De verdachte heeft, samen met een ander, in een kort tijdsbestek twee gewelddadige overvallen gepleegd in respectievelijk een hotel en een schoenenwinkel. Tijdens de overvallen zijn telkens de betreffende medewerkers met een op een vuurwapen gelijkend voorwerp bedreigd, waarbij verdachte en/of zijn mededader er niet voor hebben teruggedeinsd hen dit voorwerp tegen het hoofd te drukken of daarmee te slaan. Tevens is een aantal van hen onder bedreiging gedwongen zich naar een ander vertrek te begeven en hun eigendommen af te geven. Op deze wijze is door de daders onder meer geld, passen en een telefoon buitgemaakt. Door deze overvallen heeft de verdachte bij de slachtoffers grote gevoelens van angst en onveiligheid teweeggebracht. Verdachte heeft kennelijk hierbij geen enkel moment stilgestaan en zich laten leiden door louter een zucht naar financieel gewin. Dit wordt bevestigd door de onverschillige houding van de verdachte ter terechtzitting. De verdachte heeft er geen blijk van gegeven enig zicht te hebben in de strafwaardigheid van zijn handelen, hetgeen weinig vertrouwen biedt voor de toekomst.
Ten nadele van de verdachte neemt het hof tevens in aanmerking dat de verdachte blijkens een Uittreksel Justitiële Documentatie van 24 augustus 2010 eerder is veroordeeld voor strafbare feiten en zelfs nog in een proeftijd liep van zijn laatste veroordeling. Van verzachtende omstandigheden in de persoon van de verdachte, in de zin dat die tot strafvermindering zouden moeten leiden, is het hof voorts niet gebleken.
Het hof acht, alles afwegende, een gevangenisstraf als door de rechtbank opgelegd en in hoger beroep geëist passend en geboden.
Toepasselijke wettelijke voorschriften
De op te leggen straf is gegrond op de artikelen 57, 63 en 312 van het Wetboek van Strafrecht.

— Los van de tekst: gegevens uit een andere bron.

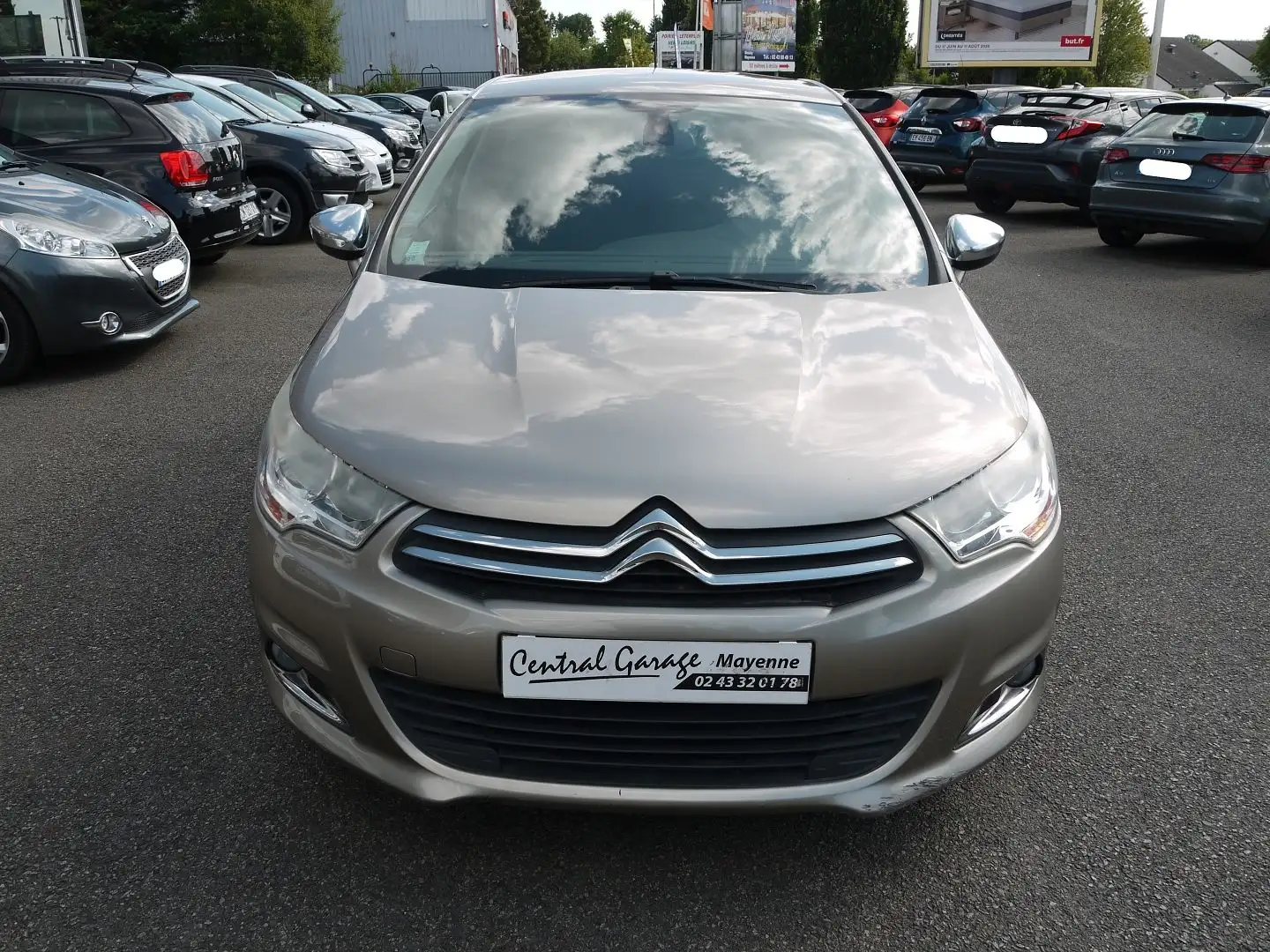 Citroen C4 1.6 HDI 90 FAP CONFORT Beige - 2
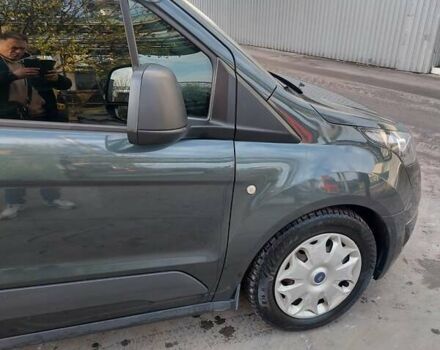 Серый Форд Турнео Коннект, объемом двигателя 1.56 л и пробегом 275 тыс. км за 10500 $, фото 3 на Automoto.ua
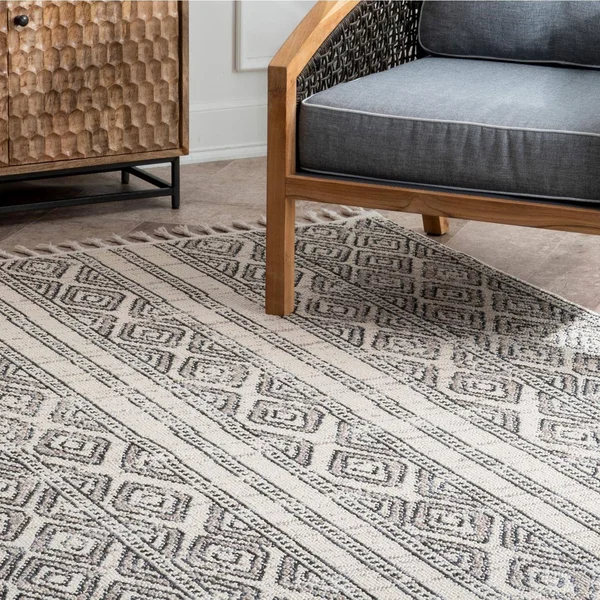 nuLOOM Chenoa Striped Tribal Tassel Area Rug, Size: 9& x 12&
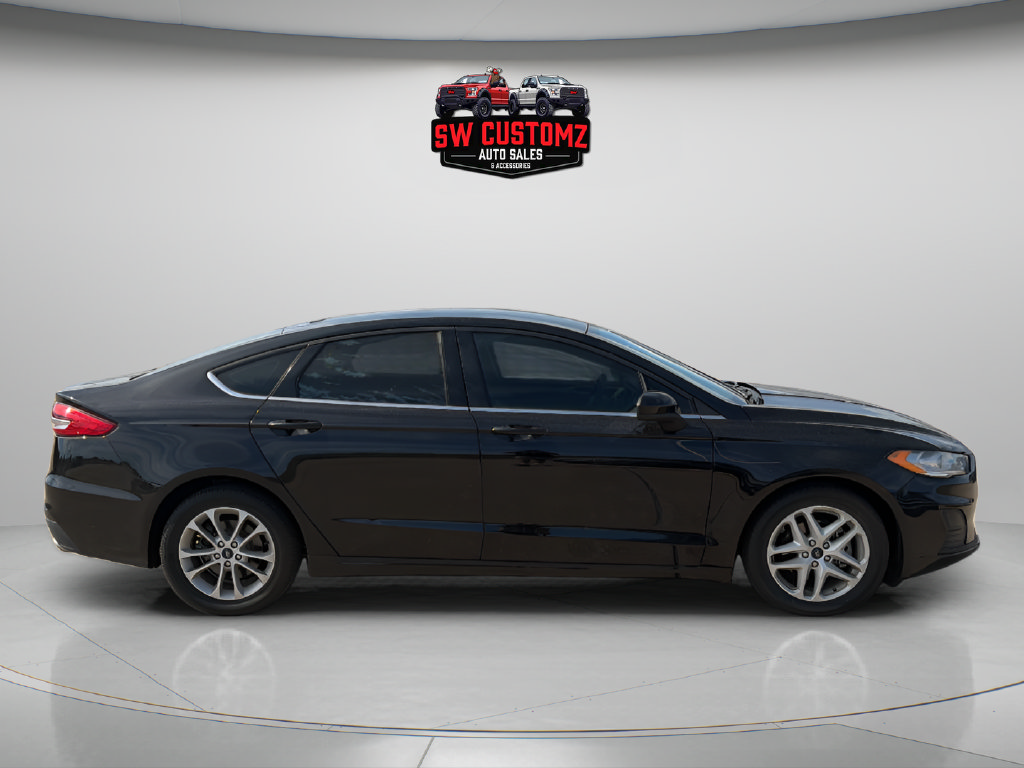 Used 2020 Ford Fusion SE FWD image 8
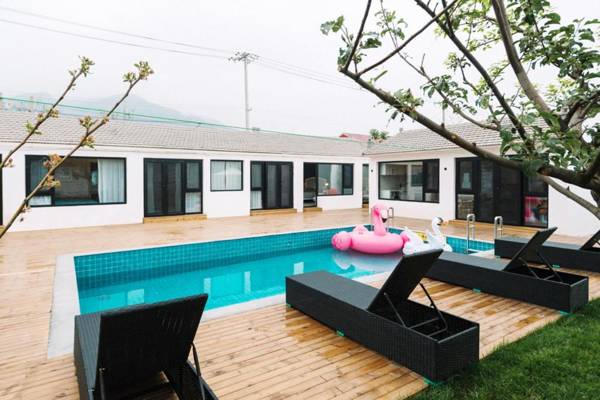 Hidden in the World (Winter Olympic Town) - Child Memory Courtyard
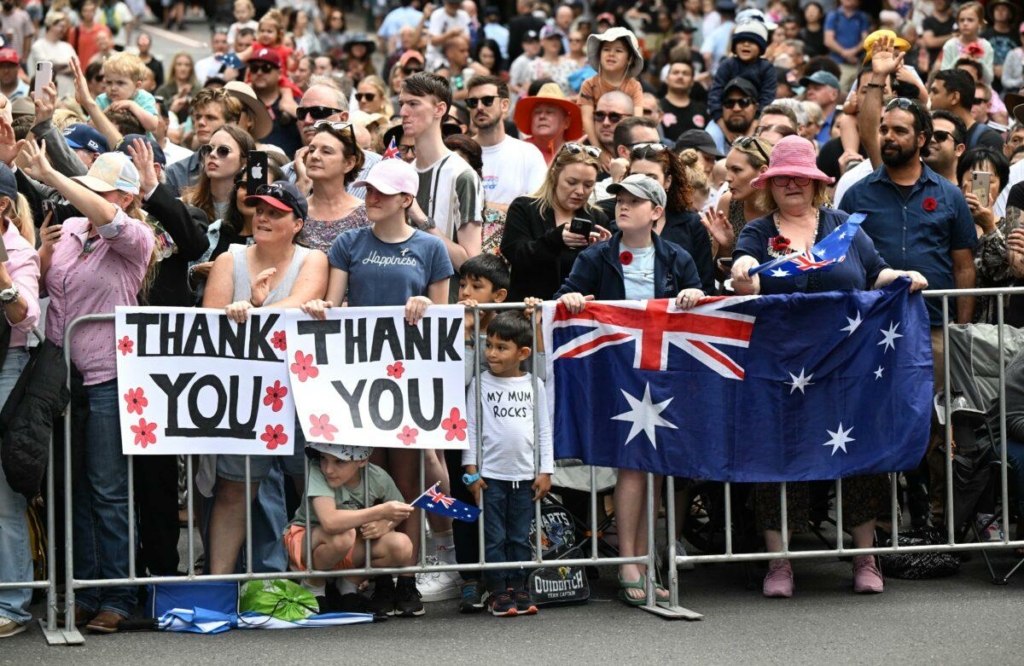 Đám đông nhìn các cựu chiến binh diễn hành trong Ngày ANZAC tháng Ba ở Brisbane, Úc, hôm 25/04/2023. (Ảnh: AAP Image/Darren England)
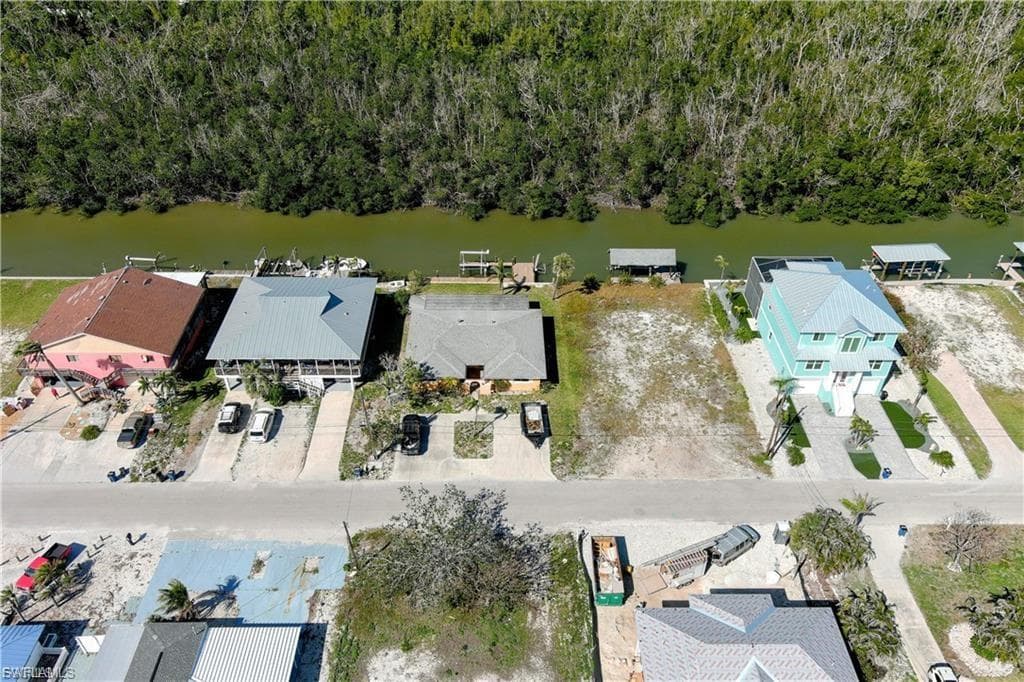 175 Tropical Shores WAY 177 FORT MYERS BEACH, FL 33931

Deze wettelijke voorschriften worden toegepast zoals geldend ten tijde van het bewezen verklaarde.
Vernietigt het vonnis waarvan beroep en doet opnieuw recht.

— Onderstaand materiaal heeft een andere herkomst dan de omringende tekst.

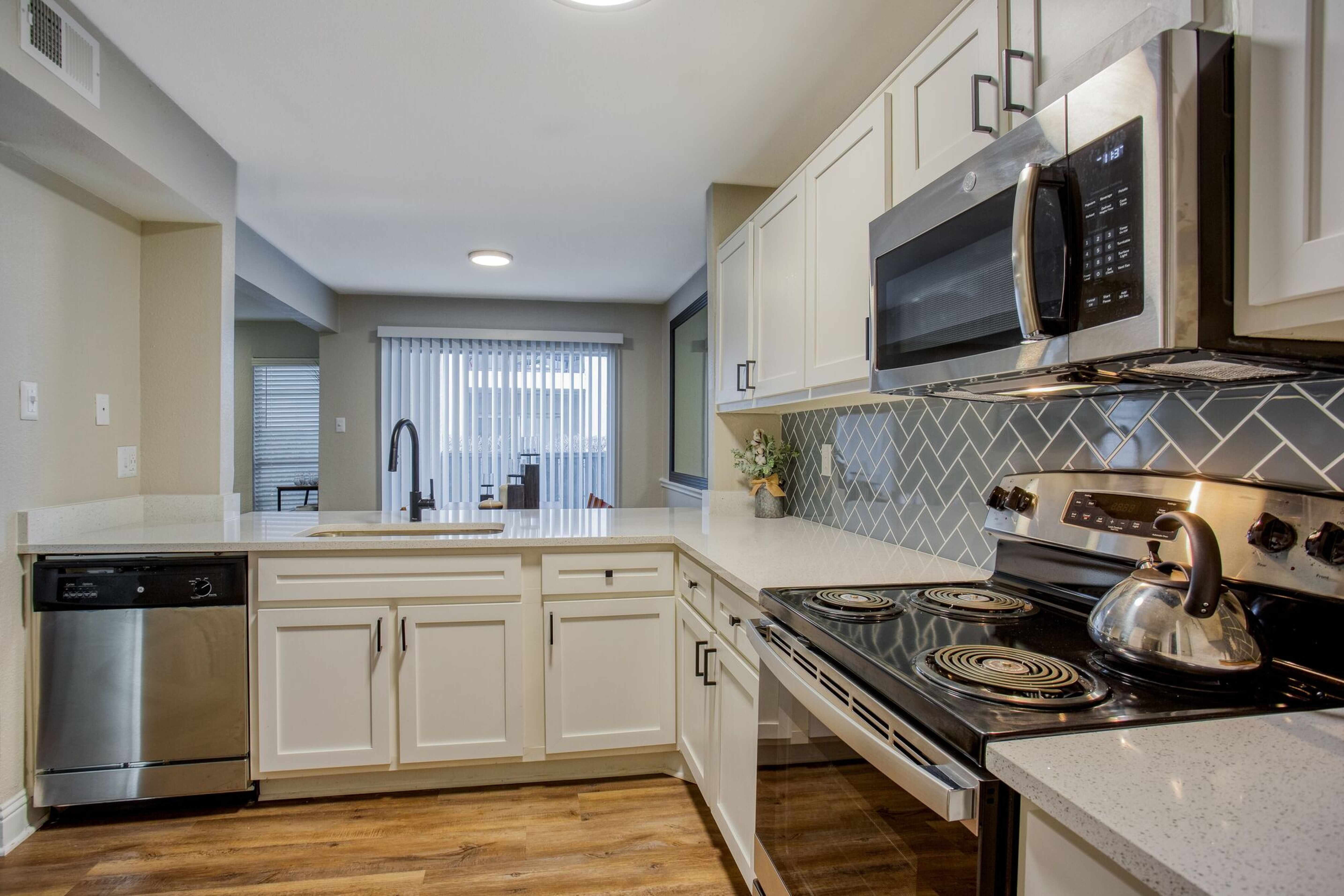 Verlaine on the Parkway Image 18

Verklaart wettig en overtuigend bewezen dat de verdachte het onder 1 en 2 ten laste gelegde heeft begaan zoals hierboven in de rubriek bewezen verklaarde omschreven.
Verklaart niet wettig en overtuigend bewezen hetgeen de verdachte onder 1 en 2 meer of anders is ten laste gelegd en spreekt hem daarvan vrij.
Verklaart dat het bewezen verklaarde de hierboven vermelde strafbare feiten oplevert.
Verklaart het bewezen verklaarde strafbaar en ook de verdachte daarvoor strafbaar.
Veroordeelt de verdachte tot een gevangenisstraf voor de duur van 5 (vijf) jaren.
Beveelt dat de tijd, die door de veroordeelde vóór de tenuitvoerlegging van deze uitspraak in deze zaak in verzekering en voorlopige hechtenis is doorgebracht, bij de uitvoering van de opgelegde gevangenisstraf in mindering wordt gebracht.
Dit arrest is gewezen door de achtste meervoudige strafkamer van het gerechtshof Amsterdam, waarin zitting hadden mr. R. Veldhuisen, mr. M.F.J.M. de Werd en mr. M.E.A. Wildenburg, in tegenwoordigheid van mr. N.C. Laatsch, griffier, en is uitgesproken op de openbare terechtzitting van dit gerechtshof van 22 september 2010.
De jongste raadsheer is buiten staat dit arrest te ondertekenen.